(EXERCISE INPUTS)

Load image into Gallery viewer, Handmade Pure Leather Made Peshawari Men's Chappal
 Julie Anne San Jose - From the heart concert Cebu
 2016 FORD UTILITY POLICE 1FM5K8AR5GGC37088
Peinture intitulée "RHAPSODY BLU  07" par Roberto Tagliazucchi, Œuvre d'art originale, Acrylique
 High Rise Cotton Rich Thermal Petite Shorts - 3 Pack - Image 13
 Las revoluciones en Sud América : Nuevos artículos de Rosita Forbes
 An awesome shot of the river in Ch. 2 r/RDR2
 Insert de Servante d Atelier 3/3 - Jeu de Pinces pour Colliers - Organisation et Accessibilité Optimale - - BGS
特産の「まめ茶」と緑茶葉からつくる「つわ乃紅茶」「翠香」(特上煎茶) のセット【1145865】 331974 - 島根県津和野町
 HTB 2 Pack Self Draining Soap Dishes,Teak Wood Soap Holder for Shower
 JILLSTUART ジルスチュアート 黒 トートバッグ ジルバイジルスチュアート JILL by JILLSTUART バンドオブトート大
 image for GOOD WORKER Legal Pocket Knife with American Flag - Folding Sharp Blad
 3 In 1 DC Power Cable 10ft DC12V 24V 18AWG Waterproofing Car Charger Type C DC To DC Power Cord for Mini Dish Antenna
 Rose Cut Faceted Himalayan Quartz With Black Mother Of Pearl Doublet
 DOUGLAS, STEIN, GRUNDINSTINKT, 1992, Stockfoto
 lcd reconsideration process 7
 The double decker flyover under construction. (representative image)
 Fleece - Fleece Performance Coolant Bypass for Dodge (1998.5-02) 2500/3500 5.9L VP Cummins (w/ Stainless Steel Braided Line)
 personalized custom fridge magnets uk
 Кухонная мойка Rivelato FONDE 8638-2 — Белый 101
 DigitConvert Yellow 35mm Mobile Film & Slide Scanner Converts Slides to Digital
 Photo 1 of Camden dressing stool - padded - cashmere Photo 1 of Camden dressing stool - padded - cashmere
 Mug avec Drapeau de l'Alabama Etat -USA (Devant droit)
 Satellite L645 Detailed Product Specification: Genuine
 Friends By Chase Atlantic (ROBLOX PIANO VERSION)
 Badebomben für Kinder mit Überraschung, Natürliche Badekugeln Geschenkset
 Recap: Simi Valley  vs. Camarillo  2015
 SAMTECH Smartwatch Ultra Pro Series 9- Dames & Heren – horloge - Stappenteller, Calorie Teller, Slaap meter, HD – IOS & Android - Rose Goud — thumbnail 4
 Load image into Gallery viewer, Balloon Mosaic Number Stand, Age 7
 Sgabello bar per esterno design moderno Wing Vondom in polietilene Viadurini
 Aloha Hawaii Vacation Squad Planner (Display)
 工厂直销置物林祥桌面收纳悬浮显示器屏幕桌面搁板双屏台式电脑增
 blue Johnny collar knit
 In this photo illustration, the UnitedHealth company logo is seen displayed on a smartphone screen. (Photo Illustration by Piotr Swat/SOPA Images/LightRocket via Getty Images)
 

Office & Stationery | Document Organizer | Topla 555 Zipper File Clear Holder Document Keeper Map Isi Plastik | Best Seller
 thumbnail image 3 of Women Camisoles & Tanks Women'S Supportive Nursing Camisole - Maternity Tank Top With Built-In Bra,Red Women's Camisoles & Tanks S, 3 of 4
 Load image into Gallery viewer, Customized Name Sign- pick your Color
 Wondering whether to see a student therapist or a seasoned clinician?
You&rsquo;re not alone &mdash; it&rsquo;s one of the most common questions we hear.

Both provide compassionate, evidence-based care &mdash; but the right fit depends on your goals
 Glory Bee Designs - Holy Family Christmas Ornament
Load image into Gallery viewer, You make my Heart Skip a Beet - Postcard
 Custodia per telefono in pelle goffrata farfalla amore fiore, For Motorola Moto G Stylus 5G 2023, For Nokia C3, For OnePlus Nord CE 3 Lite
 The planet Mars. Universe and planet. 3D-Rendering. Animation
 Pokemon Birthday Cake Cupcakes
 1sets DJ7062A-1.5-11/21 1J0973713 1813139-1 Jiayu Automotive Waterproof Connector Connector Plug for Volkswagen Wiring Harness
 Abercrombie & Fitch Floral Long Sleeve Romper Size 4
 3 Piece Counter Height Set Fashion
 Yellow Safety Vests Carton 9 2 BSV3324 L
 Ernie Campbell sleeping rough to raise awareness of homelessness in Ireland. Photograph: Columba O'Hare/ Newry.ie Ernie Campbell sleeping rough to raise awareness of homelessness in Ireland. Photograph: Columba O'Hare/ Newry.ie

(End EXERCISE INPUTS)

DIRECTIONS: Leaving nothing out, print each line above exactly.

ANSWER FOR THE TASK:
Load image into Gallery viewer, Handmade Pure Leather Made Peshawari Men's Chappal
 Julie Anne San Jose - From the heart concert Cebu
 2016 FORD UTILITY POLICE 1FM5K8AR5GGC37088
Peinture intitulée "RHAPSODY BLU  07" par Roberto Tagliazucchi, Œuvre d'art originale, Acrylique
 High Rise Cotton Rich Thermal Petite Shorts - 3 Pack - Image 13
 Las revoluciones en Sud América : Nuevos artículos de Rosita Forbes
 An awesome shot of the river in Ch. 2 r/RDR2
 Insert de Servante d Atelier 3/3 - Jeu de Pinces pour Colliers - Organisation et Accessibilité Optimale - - BGS
特産の「まめ茶」と緑茶葉からつくる「つわ乃紅茶」「翠香」(特上煎茶) のセット【1145865】 331974 - 島根県津和野町
 HTB 2 Pack Self Draining Soap Dishes,Teak Wood Soap Holder for Shower
 JILLSTUART ジルスチュアート 黒 トートバッグ ジルバイジルスチュアート JILL by JILLSTUART バンドオブトート大
 image for GOOD WORKER Legal Pocket Knife with American Flag - Folding Sharp Blad
 3 In 1 DC Power Cable 10ft DC12V 24V 18AWG Waterproofing Car Charger Type C DC To DC Power Cord for Mini Dish Antenna
 Rose Cut Faceted Himalayan Quartz With Black Mother Of Pearl Doublet
 DOUGLAS, STEIN, GRUNDINSTINKT, 1992, Stockfoto
 lcd reconsideration process 7
 The double decker flyover under construction. (representative image)
 Fleece - Fleece Performance Coolant Bypass for Dodge (1998.5-02) 2500/3500 5.9L VP Cummins (w/ Stainless Steel Braided Line)
 personalized custom fridge magnets uk
 Кухонная мойка Rivelato FONDE 8638-2 — Белый 101
 DigitConvert Yellow 35mm Mobile Film & Slide Scanner Converts Slides to Digital
 Photo 1 of Camden dressing stool - padded - cashmere Photo 1 of Camden dressing stool - padded - cashmere
 Mug avec Drapeau de l'Alabama Etat -USA (Devant droit)
 Satellite L645 Detailed Product Specification: Genuine
 Friends By Chase Atlantic (ROBLOX PIANO VERSION)
 Badebomben für Kinder mit Überraschung, Natürliche Badekugeln Geschenkset
 Recap: Simi Valley  vs. Camarillo  2015
 SAMTECH Smartwatch Ultra Pro Series 9- Dames & Heren – horloge - Stappenteller, Calorie Teller, Slaap meter, HD – IOS & Android - Rose Goud — thumbnail 4
 Load image into Gallery viewer, Balloon Mosaic Number Stand, Age 7
 Sgabello bar per esterno design moderno Wing Vondom in polietilene Viadurini
 Aloha Hawaii Vacation Squad Planner (Display)
 工厂直销置物林祥桌面收纳悬浮显示器屏幕桌面搁板双屏台式电脑增
 blue Johnny collar knit
 In this photo illustration, the UnitedHealth company logo is seen displayed on a smartphone screen. (Photo Illustration by Piotr Swat/SOPA Images/LightRocket via Getty Images)
 

Office & Stationery | Document Organizer | Topla 555 Zipper File Clear Holder Document Keeper Map Isi Plastik | Best Seller
 thumbnail image 3 of Women Camisoles & Tanks Women'S Supportive Nursing Camisole - Maternity Tank Top With Built-In Bra,Red Women's Camisoles & Tanks S, 3 of 4
 Load image into Gallery viewer, Customized Name Sign- pick your Color
 Wondering whether to see a student therapist or a seasoned clinician?
You&rsquo;re not alone &mdash; it&rsquo;s one of the most common questions we hear.

Both provide compassionate, evidence-based care &mdash; but the right fit depends on your goals
 Glory Bee Designs - Holy Family Christmas Ornament
Load image into Gallery viewer, You make my Heart Skip a Beet - Postcard
 Custodia per telefono in pelle goffrata farfalla amore fiore, For Motorola Moto G Stylus 5G 2023, For Nokia C3, For OnePlus Nord CE 3 Lite
 The planet Mars. Universe and planet. 3D-Rendering. Animation
 Pokemon Birthday Cake Cupcakes
 1sets DJ7062A-1.5-11/21 1J0973713 1813139-1 Jiayu Automotive Waterproof Connector Connector Plug for Volkswagen Wiring Harness
 Abercrombie & Fitch Floral Long Sleeve Romper Size 4
 3 Piece Counter Height Set Fashion
 Yellow Safety Vests Carton 9 2 BSV3324 L
 Ernie Campbell sleeping rough to raise awareness of homelessness in Ireland. Photograph: Columba O'Hare/ Newry.ie Ernie Campbell sleeping rough to raise awareness of homelessness in Ireland. Photograph: Columba O'Hare/ Newry.ie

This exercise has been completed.